Profondément marquée par un concert du groupe noise Swans qu’elle observe à travers ses lunettes de chorégraphe, elle expérimente une forme de transe induite par l’intensité de la musique, ses crescendo et l’ambiance survoltée de la salle. De cette expérience a germé l’idée de centrer sa recherche sur un chanteur populaire, « dont l’art, comme le danseur, est aussi expression corporelle », et de s’emparer de sa gestuelle pour construire une base chorégraphique.

Baignant alors dans les danses urbaines, Helen Simard cherchait un artiste qui l’entraînerait complètement ailleurs : « Ce qui est très intéressant chez Iggy Pop, c’est qu’il est connu presque autant pour son corps et sa physicalité que pour sa musique. Ce corps aujourd’hui vieillissant, très public, qui a 72 ans, refuse encore de remettre sa chemise. » Et son allure, sa beauté et son magnétisme défient les stigmates rattachés aux corps âgés. Un thème que la jeune quarantenaire trouve d’autant plus pertinent en danse, ayant pris soin, pour ce dernier volet, de rassembler des interprètes de différentes générations — dont les danseuses accomplies Sarah Williams et Angélique Willkie —, convaincue qu’avec l’âge, malgré la perte de dextérité physique, l’interprète gagne en contrepartie en certitude et accède à une forme de beauté hors carcan.

Le goût de la friction

 

Plongée dans les abondantes archives de la bête de scène, remontant le fil de sa longue et prolifique carrière, Helen Simard décèle ses moments d’échec, de gloire tardive, de perte et de deuil, des motifs qui deviennent les socles de sa pièce. Tandis qu’autour d’Iggy Pop meurent à petit feu les grandes figures de sa génération (Bowie, Reed, les frères Asheton), ce dernier devient l’ultime témoin et passager de l’âge d’or du rock : « C’est fascinant de voir que le mythe de l’artiste se construit par la répétition d’une même histoire.
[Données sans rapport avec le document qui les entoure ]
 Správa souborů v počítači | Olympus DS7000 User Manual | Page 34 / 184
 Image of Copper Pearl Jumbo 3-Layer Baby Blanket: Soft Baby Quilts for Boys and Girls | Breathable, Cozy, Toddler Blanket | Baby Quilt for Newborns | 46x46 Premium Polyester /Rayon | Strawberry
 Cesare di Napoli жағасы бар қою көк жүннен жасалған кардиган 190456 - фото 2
Est-ce qu’avec le temps, l’histoire qu’on se raconte finit par devenir plus vraie que la réalité ? En jouant le personnage d’Iggy depuis qu’il est ado, en 50 ans de carrière, il a pu s’inventer et [se] réinventer. Le mystère reste de savoir quand le personnage finit et quand la personne, [Jim Osterberg], commence, » relève-t-elle, amusée par le fait que cette icône punk, anti-système, soit devenue « le petit monsieur bourgeois-millionnaire vivant à Miami » qu’il est aujourd’hui.
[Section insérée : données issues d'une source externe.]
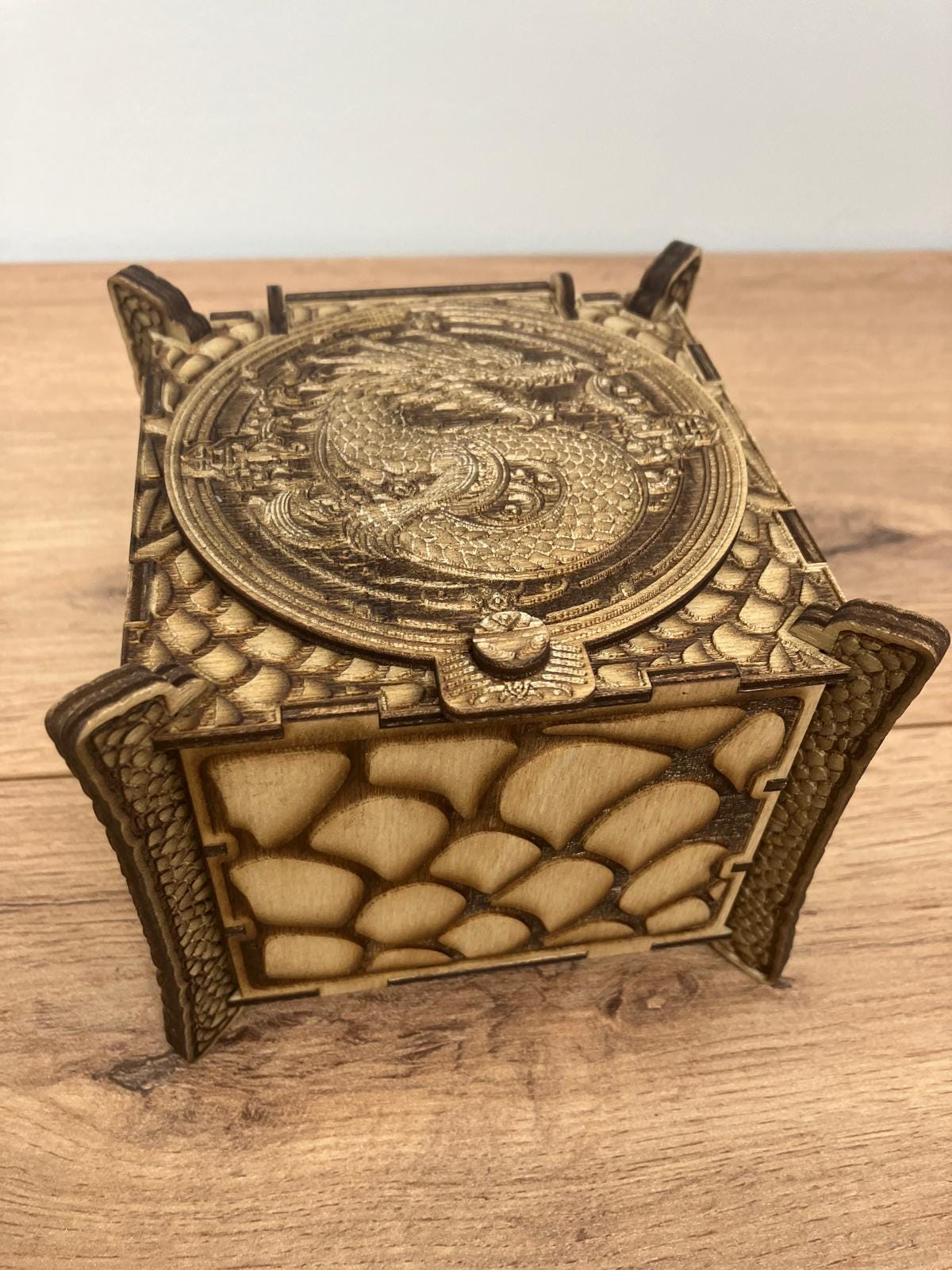 Wooden Dragon Box with integrated hinge and dragon scales engraving
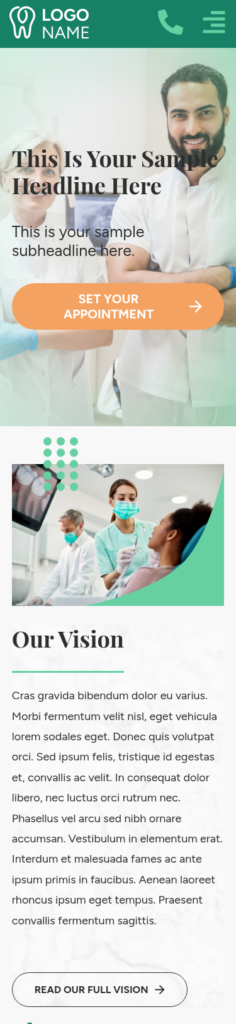 7-Template Dental WordPress Build — Template 5 (mobile)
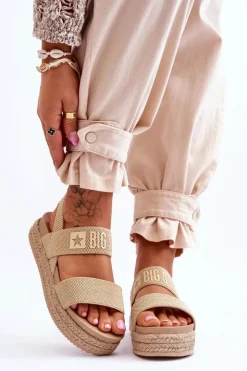New Big Star Shoes Damskie Sandały Wsuwane Big Star LL274858 Beżowe
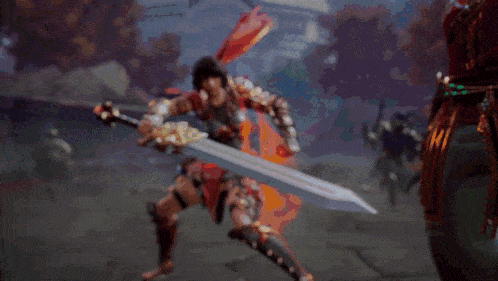 a video game character is fighting another character with a sword and fire coming out of it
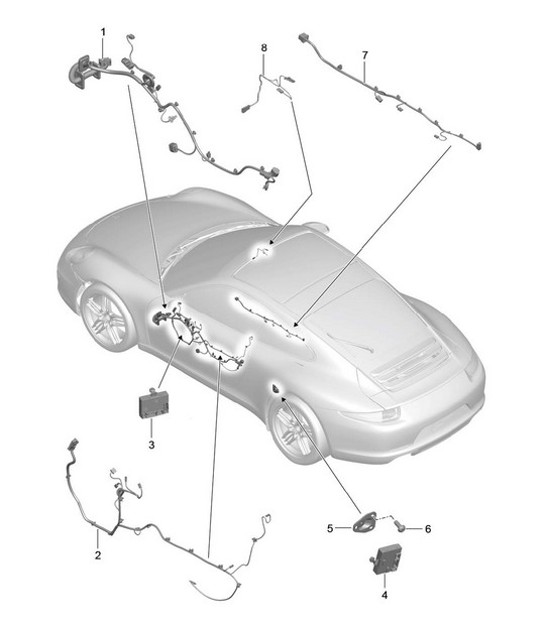 Diagram 902-015 Porsche Cayman 987C / 981C (2005-2016) Electrical equipment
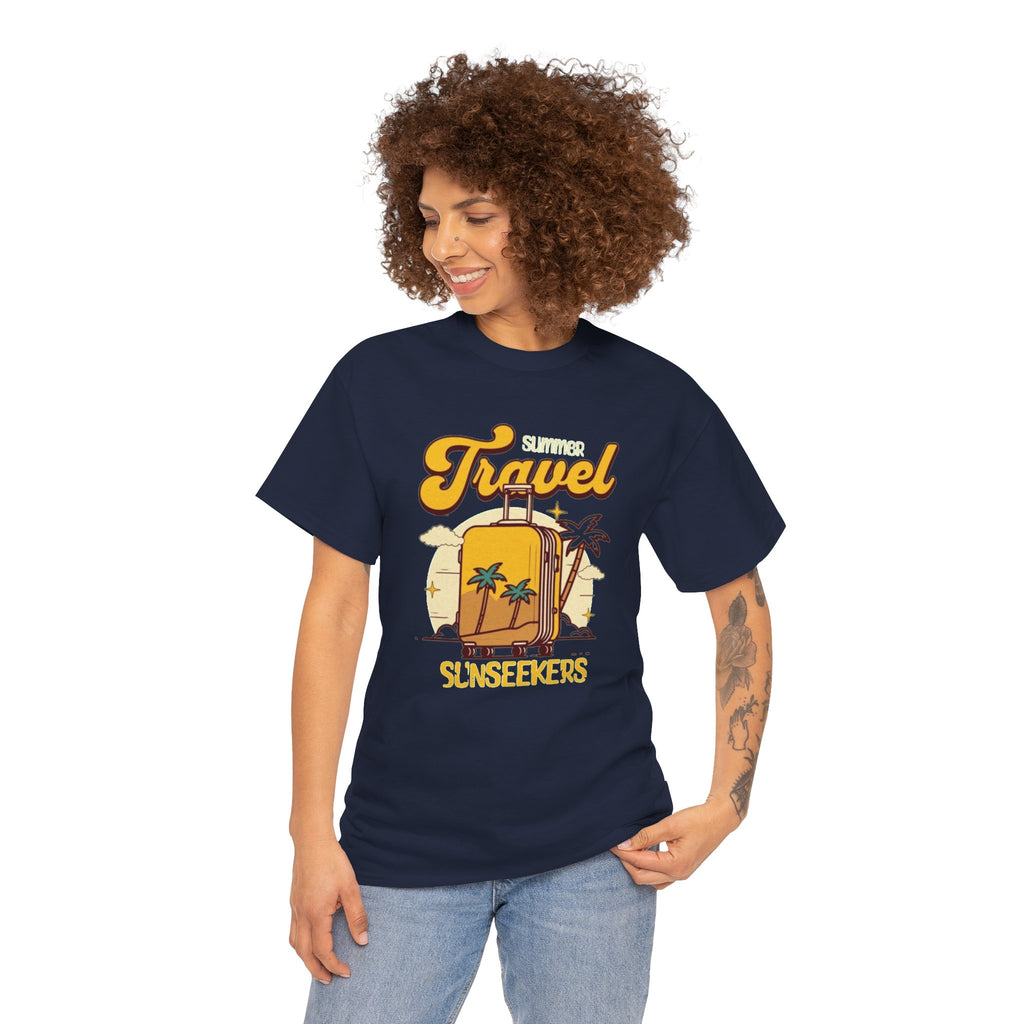 Travel Sunseekers T‑Shirt — Retro Backpack Beach Vacation Tee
Alors qu’elle voit son projet né au festival Fringe se frayer un chemin jusqu’à la scène de l’Agora, la chorégraphe ne peut s’empêcher de dresser un parallèle avec son propre vécu : « C’est souvent à travers Iggy Pop que j’arrive à me questionner, je reconnais dans ce monsieur des réalités que je vis. Je suis moi aussi poussée à accepter que je fais partie maintenant d’un système. Que signifie alors repousser les codes de la danse contemporaine quand tu fais partie de l’institution ? » s’interroge celle qui se plaît à amener un public de théâtre alternatif et de musique dans un lieu consacré à la danse contemporaine, faisant en sorte que les codes du concert, moins policés et disciplinés, contaminent l’espace de la danse.

« Ce spectacle qui fait concert est mon requiem pour ma relation avec Iggy Pop », conclut la chorégraphe, parlant d’une obsession première pour ce personnage à la fois viril et féminin, brouillant les frontières, qui lui aura permis de développer une approche interdisciplinaire et de découvrir que la relation étroite entre danse et musique constitue le point névralgique de son univers chorégraphique.

Requiem Pop

Un concert chorégraphique d’Helen Simard avec Stacey Désilier, Stéphanie Fromentin, Justin Gionet, Sébastien Provencher, Sarah Williams, Angélique Willkie. Sur la musique de Roger White, Ted Yates et Jackie Gallant. Présenté par l’Agora de la danse, du 10 au 13 avril, à l’Édifice Wilder — Espace Danse.